During this period, the moon reaches its first quarter phase on Monday July 27th. At this time, the moon is located 90 degrees east of the sun and sets near midnight. This weekend the more active morning sky will be totally free of interfering moonlight. As the week progresses though, only the few hours just prior to dawn will provide dark skies. The estimated total hourly meteor rates for evening observers this week is near 4 as seen from mid-northern latitudes and 3 as seen from tropical southern locations (25S). For morning observers, the estimated total hourly rates should be near 22 as seen from mid-northern latitudes (45N) and 19 as seen from tropical southern locations (25S). The actual rates will also depend on factors such as personal light and motion perception, local weather conditions, alertness, and experience in watching meteor activity. Evening rates are reduced during this period due to moonlight.
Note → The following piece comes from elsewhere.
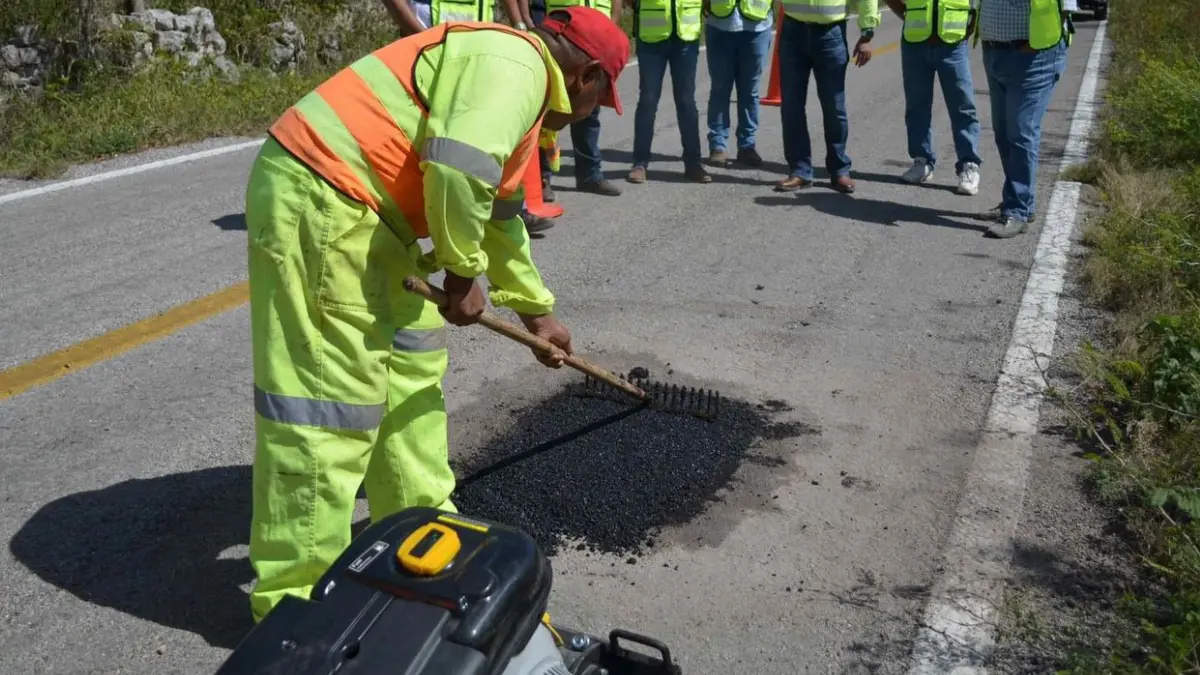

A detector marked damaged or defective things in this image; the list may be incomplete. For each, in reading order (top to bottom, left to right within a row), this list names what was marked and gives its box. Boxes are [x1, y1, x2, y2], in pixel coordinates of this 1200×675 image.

pothole repair [446, 368, 820, 556]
Note that the hourly rates listed below are estimates as viewed from dark sky sites away from urban light sources. Observers viewing from urban areas will see less activity as only the brighter meteors will be visible from such locations.

The radiant (the area of the sky where meteors appear to shoot from) positions and rates listed below are exact for Saturday night/Sunday morning July 25/26. These positions do not change greatly day to day so the listed coordinates may be used during this entire period. Most star atlases (available at science stores and planetariums) will provide maps with grid lines of the celestial coordinates so that you may find out exactly where these positions are located in the sky. A planisphere or computer planetarium program is also useful in showing the sky at any time of night on any date of the year. Activity from each radiant is best seen when it is positioned highest in the sky, either due north or south along the meridian, depending on your latitude. It must be remembered that meteor activity is rarely seen at the radiant position. Rather they shoot outwards from the radiant, so it is best to center your field of view so that the radiant lies at the edge and not the center. Viewing there will allow you to easily trace the path of each meteor back to the radiant (if it is a shower member) or in another direction if it is a sporadic. Meteor activity is not seen from radiants that are located far below the horizon. The positions below are listed in a west to east manner in order of right ascension (celestial longitude). The positions listed first are located further west therefore are accessible earlier in the night while those listed further down the list rise later in the night.

 

Radiant Positions at 22:00 LDST

Radiant Positions at 22:00 Local Daylight Saving Time

Radiant Positions at 01:00 LDST

Radiant Positions at 1:00 Local Daylight Saving Time

Radiant Positions at 04:00 LDST

Radiant Positions at 4:00 Local Daylight Saving Time

These sources of meteoric activity are expected to be active this week.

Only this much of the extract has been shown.